### What the task asks
Work through the listing below and give again exactly the lines from the one with "LAND ROVER EVOQUE 2.0" to the one with "M.O.Con 2017. Звезданутая", both ends included. All other lines and all pictures stay out.
START Given entries
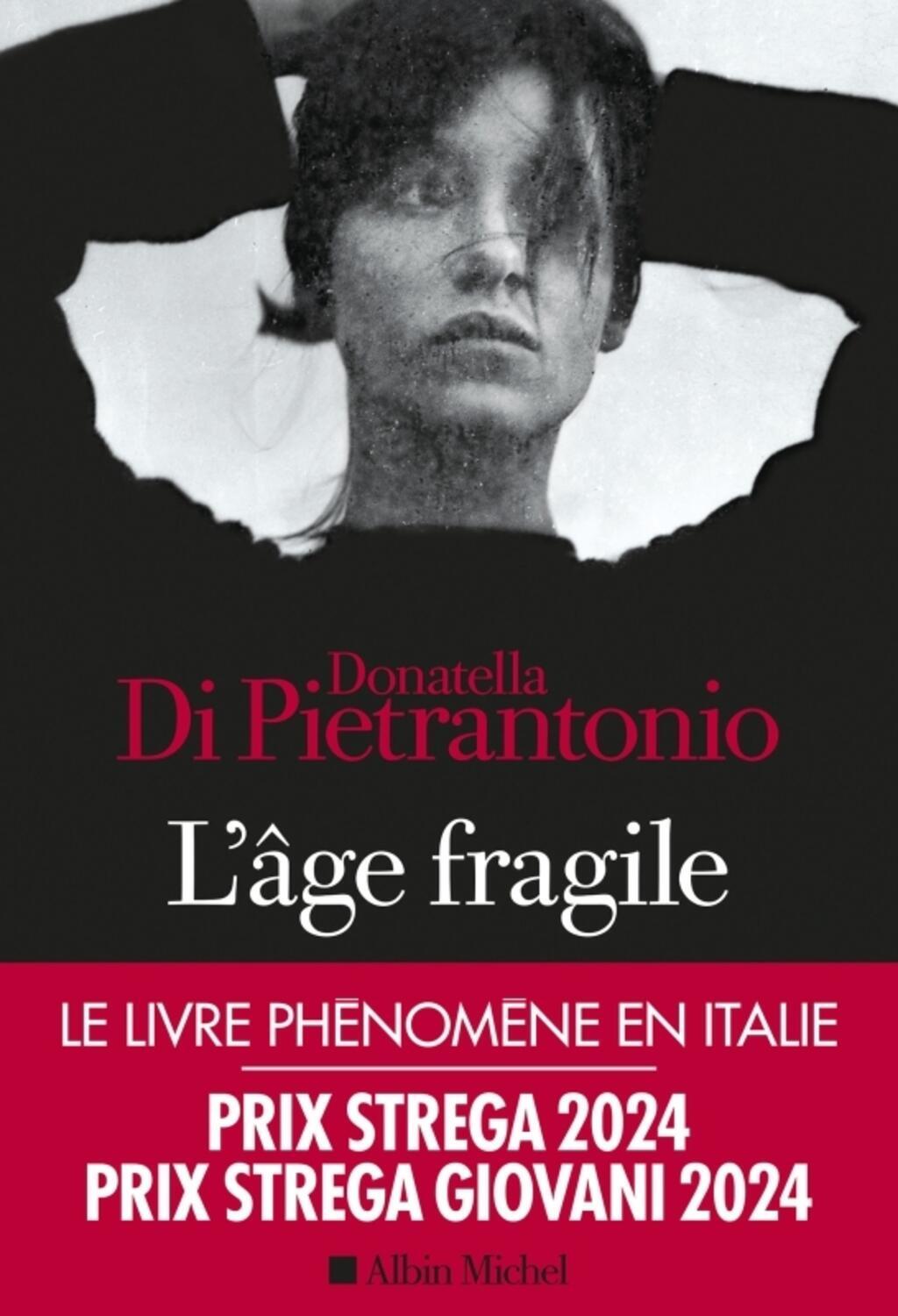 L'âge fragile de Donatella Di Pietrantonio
END Given entries
START Given entries
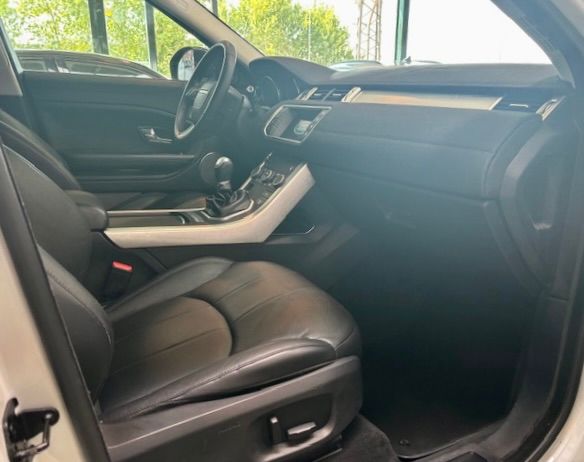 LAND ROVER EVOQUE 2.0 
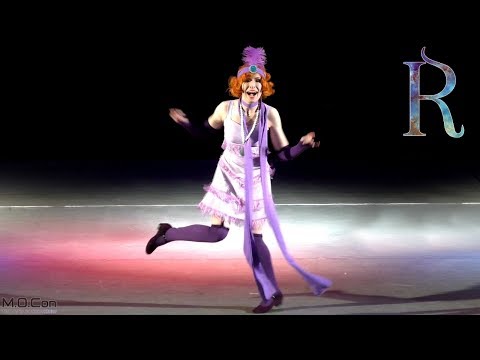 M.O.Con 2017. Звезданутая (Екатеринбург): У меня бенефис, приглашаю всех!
END Given entries
### Solved problem
 LAND ROVER EVOQUE 2.0 
 M.O.Con 2017. Звезданутая (Екатеринбург): У меня бенефис, приглашаю всех!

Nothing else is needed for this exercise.